Justice of the Supreme Court of Nigeria
- Incumbent
- Assumed office 15 November 2013

Personal details
- Born: 11 July 1959 (age 67) Akwa Ibom State, Nigeria

= John Inyang Okoro =

Nigerian jurist (born 1959)

John Inyang Okoro (born 11 July 1959) is a Nigerian jurist and Justice of the Supreme Court of Nigeria.

==Education==
Okoro attended Methodist School, Nung Ukim from 1965 to 1972, Methodist Boys' High School, Oron from 1973 to 1977, School of Arts & Science, Uyo 1979 to 1981 and the University of Lagos from 1981 to 1984. He attended the Nigerian Law School, Lagos and was called to the Nigerian Bar in 1985.

==Legal career==
Okoro started his legal career as Magistrate Grade II in 1986 and rose through the Magisterial Cadre culminating in his promotion to the post of Chief Magistrate Grade I in 1996. He was then appointed a Judge of the High Court of Akwa Ibom State from 1998 to 2006. Okoro was elevated to the Court of Appeal in 2006 and served in that capacity till 2013. His appointment as Justice of the Supreme Court of Nigeria was confirmed by the Senate in October 2013. He was sworn in on 15 November 2013 by Justice Aloma Mariam Mukhtar, the former Chief Justice of Nigeria.

==Appointments==
Okoro has over the years served in different capacities and bodies, namely; Member, Election Petition Tribunal, Kano, 1998, Member, Governorship and Legislative Houses Election Petition Tribunal, Ondo State, 2003, Member, Governorship and Legislative Houses Election Petition Tribunal No.2 Delta State, 2003. He has also attended several seminars, workshops and conferences both locally and internationally.

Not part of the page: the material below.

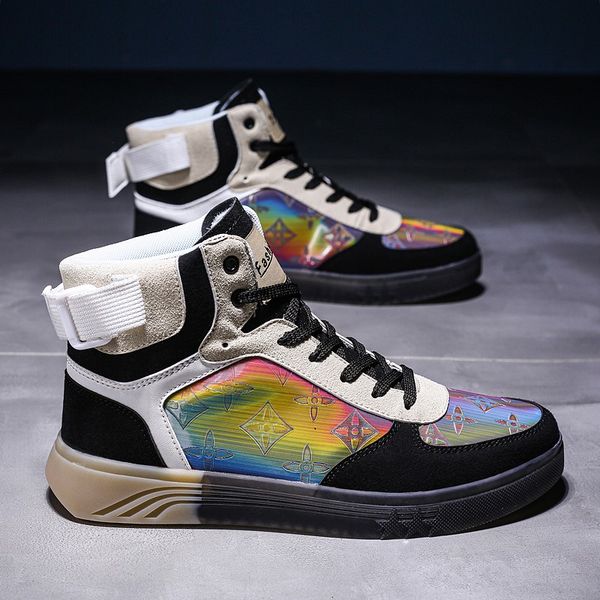

fashion autumn black mens rainbow shoes rainbow gradient casual sneakers shoes for men high platform zapatos hombre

On 8 October 2016, he was arrested by the Department of State Security Services (DSS), on wrongful allegations of bribery and corruption. After investigations he was exonerated and recalled as a Judge of the Supreme Court. He was later cleared by the DSS in December 2019 and never faced trial for the crimes he was charged with.